Não posso viver sem você. Por entre noites e dias de incríveis emoções para mim: rodeado de celebridades mundiais que me consideravam um colosso, um "big composer", um "wonderful artist" eu penso em você com uma vontade infinita de ter você aqui ao meu lado, para que você pudesse conhecer, de fato, sinceramente, o quanto de felicidade que poderia the proporcionar. Estou positivamente convencido de que o meu mundo é esse aqui. Todos me apreciam, todos me querem, todos me aplaudem.

A esposa do grande maestro Herbert Spencer - uma notabilidade! - disse-me, em espanhol:

- "Su señora debe orgullarse de usted!…" E eu respondi: creio que sim!...

A minha vida aqui tem sido a seguinte: Levanto-me às 8 horas da manhã, faço o meu pequeno almoço e vou no carro do Aloísio para o estúdio da Republic Pictures. Lá tenho o meu "stage": uma bonita sala com telefone, geladeira, uma mesa grande, um lindo piano e... um secretário. Trabalho até 12 horas. Tenho duas horas para o almoço. Volto às 14 horas e saio sempre às 5 horas. Vou ao hotel, tomo o meu banho, faço barba, e you jantar com o Aloisio, o Vadico e o Afonso. As vezes com Mister Peer, outras vezes com o diretor da Republic.
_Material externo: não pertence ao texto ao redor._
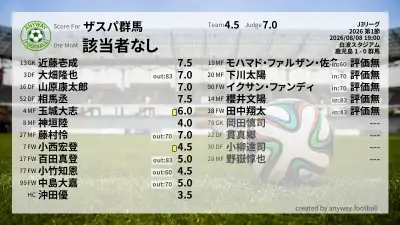 ザスパ群馬 採点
À noite vou sempre a um night-club: ou o Trocadero ou o El Carrol ou o Little Club, ou o Mocambo, ou o Clover-Club. São verdadeiras maravilhas. Um ambiente agradável e divertidíssimo.
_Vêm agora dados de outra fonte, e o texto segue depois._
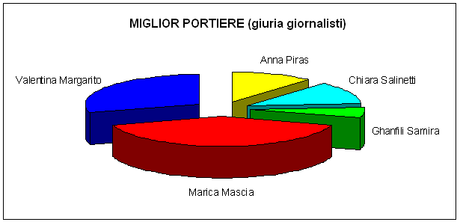 giuria dei giornalisti: miglior portiere calcio a 5 femminile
Já compus até hoje, para a fita, seis números novos, que agradaram plenamente. Em uma recepção que deu o Lourival Fontes e senhora, que aqui estiveram de passagem, o nosso cônsul Raul Bopp me apresentou a Claudette Colbert, a Ann Miller, a Carol Landis e Ann Sheridan. Esta é muito parecida com você. Muito simples, comunicativa e alegre.

Tenho estado com a Carmen Miranda. Você não pode fazer idéia de como está mudada. Quase morreu. Chegou a confessar-se e a receber a extrema-unção. Salvou-se por milagre. Tem me tratado muito bem, e louca por que eu possa "abafar a banca". Fez uma operação plástica no nariz e ficou com outra fisionomia. Eu não gostei muito, esté de nariz arrebitado…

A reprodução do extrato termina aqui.